Introduction to WebRTC
Web Real-Time Communications (WebRTC) is a browser technology that enables retrieval of media stream of physical media sources and exchange media stream or any other data in real time. It comprises of three APIs: the MediaStream
constructor, RTCPeerConnection
constructor, and RTCDataChannel
interface.
In short, MediaStream
is used to retrieve the stream of physical media source, RTCPeerConnection
is used to exchange MediaStream
among peers in real time, and finally, RTCDataChannel
is used to exchange arbitrary data among peers.

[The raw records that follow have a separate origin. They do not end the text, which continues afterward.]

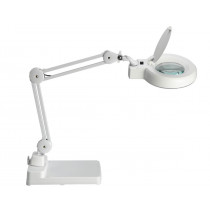 Lampe loupe LED ronde 12 cm blanche avec socle de table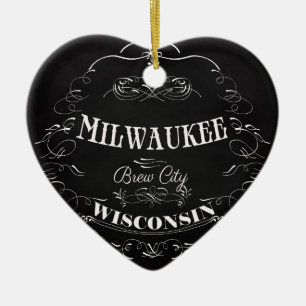 Milwaukee Wisconsin - brygdstad Julgransprydnad Keramik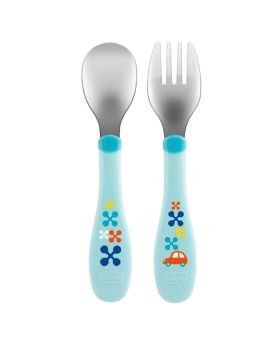 Chicco Stainless Steel Metal Cutlery Set Of Spoon & Fork For 18+ Months, Blue, Set of 2 Pieces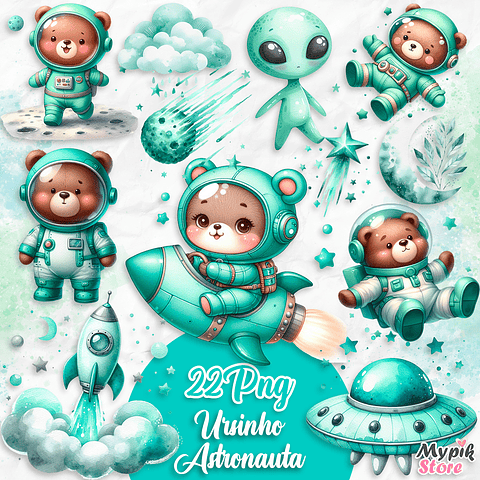 Kit Digital Ursinho Astronauta Verde Aquarela 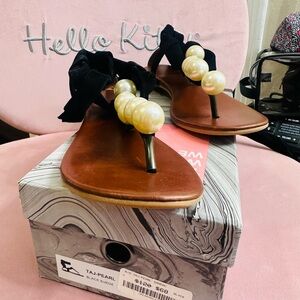 Jeffrey Campbell Black Suede Pearl-Embellished Thong Sandals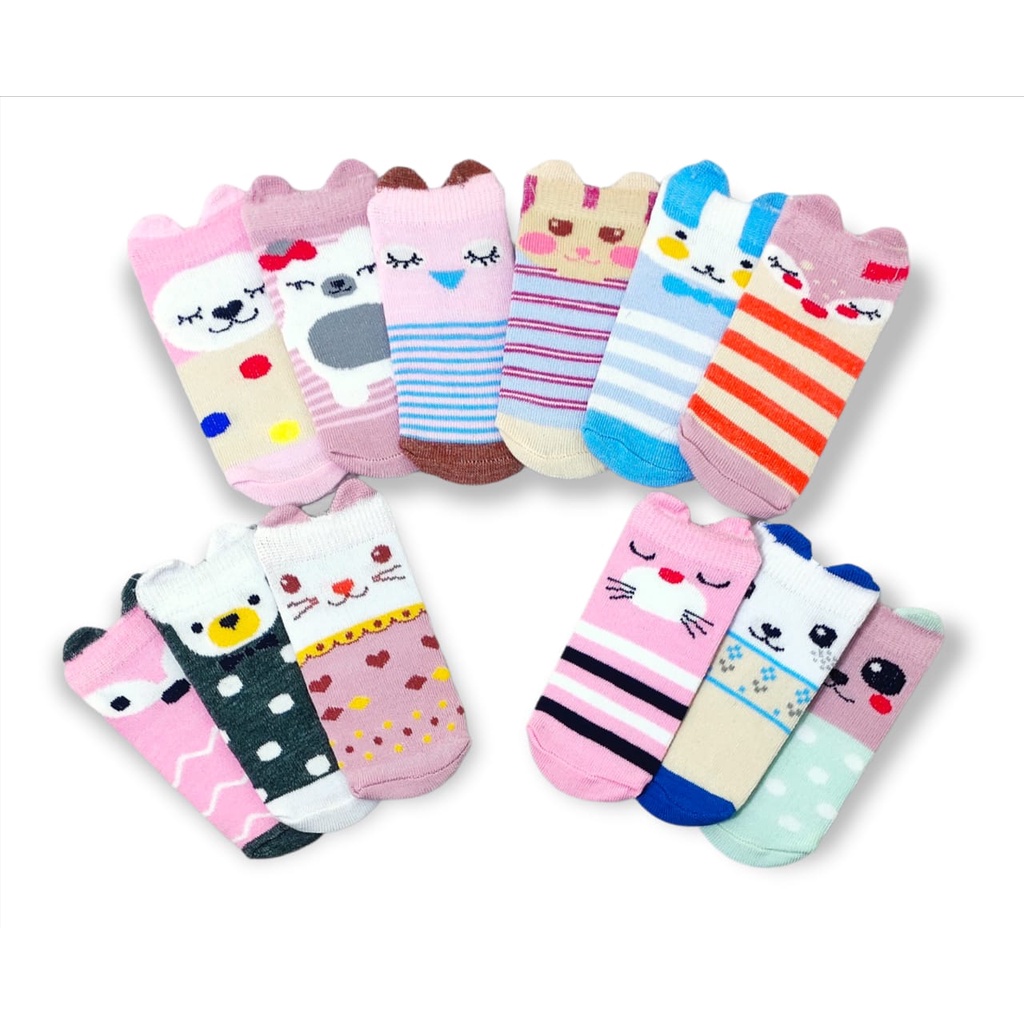 3 Pasang Kaos Kaki Bayi 3D Motif Animal BABY KINGDOM 0-6 Bulan SNI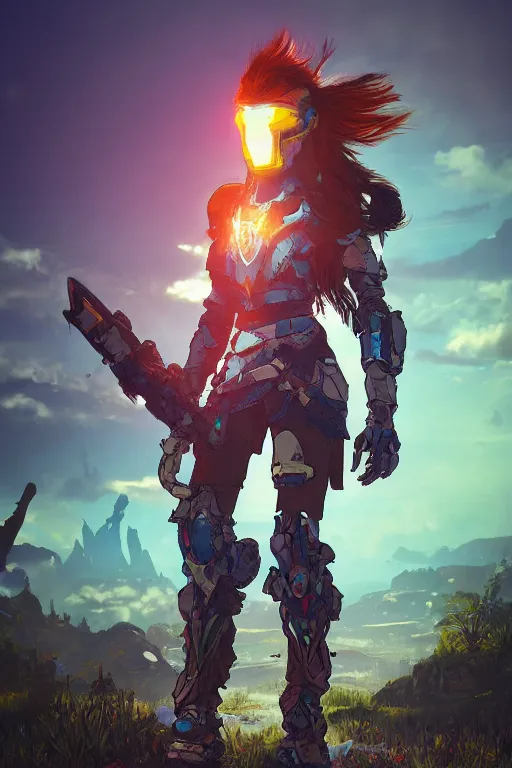 Image similar to combination suit armor aloy horizon forbidden west horizon zero dawn radiating a glowing aura global illumination ray tracing hdr fanart arstation by ian pesty and alena aenami artworks in 4 k tribal robot ninja mask helmet backpack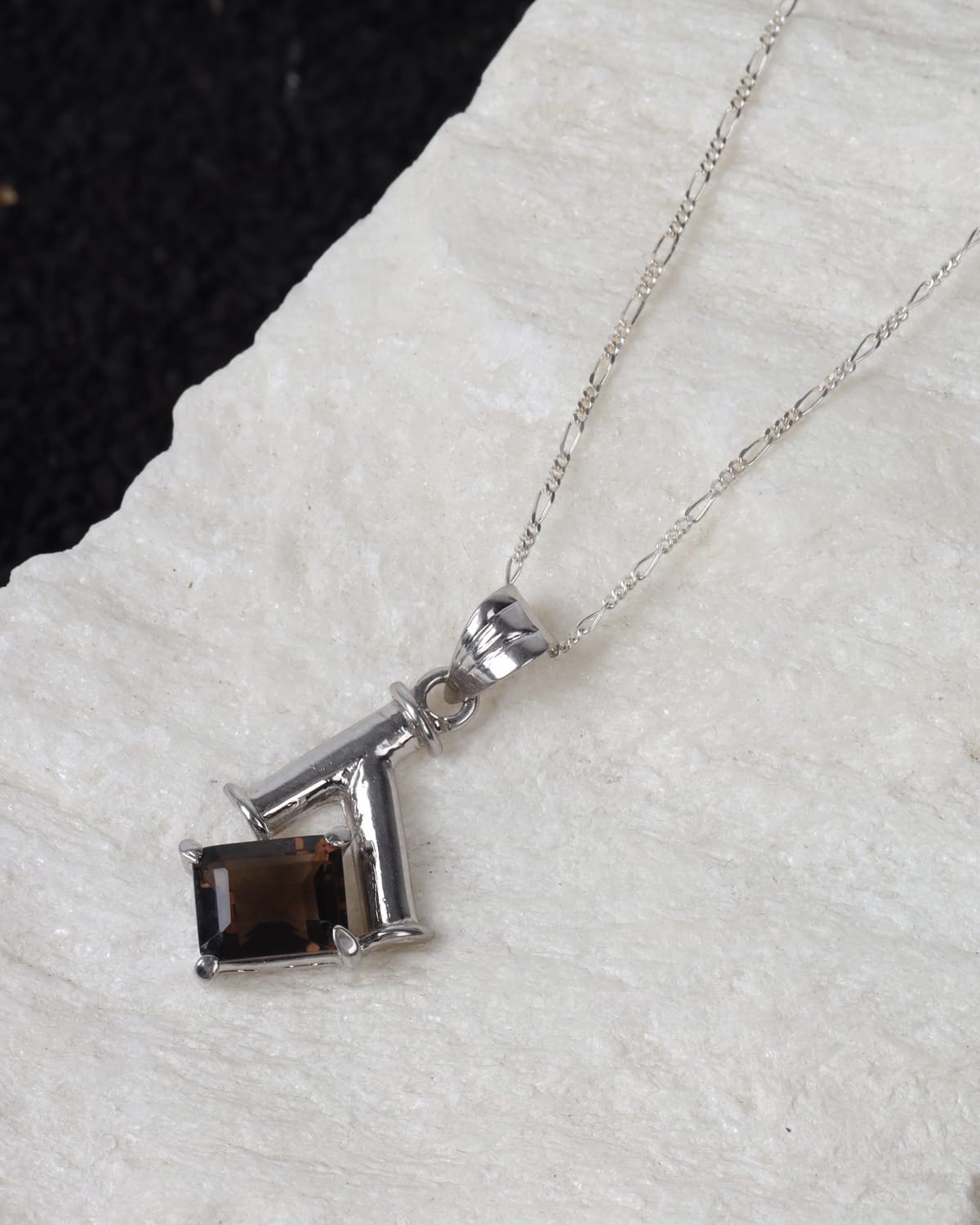 Midnight Black Agate Sterling Silver Necklace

Let's see how these APIs work.
MediaStream API
Two main components of MediaStream API are the MediaStream
constructor and MediaStreamTrack
interface.
A track represents the stream of a media source. A track implements the MediaStreamTrack
interface. A track can either be an audio track or be a video track. That is, a track attached to an audio source is an audio track, and a track attached to a video source is a video track. There can be multiple tracks attached to a particular media source. We can also attach constraints to a track. For example, a track attached to a webcam can have constraints such as the minimum video resolution and FPS. Each track has its own constraints.
You can change the constraints of a track after it's created using the applyConstraints()
method of the MediaStreamTrack
interface. You can retrieve the constraints applied to a track anytime using the getSettings()
method of the MediaStreamTrack
interface. To detach a track from a media source, that is, to stop the track permanently, we can use the stop()
method of the MediaStreamTrack
interface. To pause a track, that is, to stop the track temporarily, we can assign false
to the enabled
property of the MediaStreamTrack
interface.
Note
Find out more about the MediaStreamTrack
interface at https://developer.mozilla.org/en-US/docs/Web/API/MediaStreamTrack.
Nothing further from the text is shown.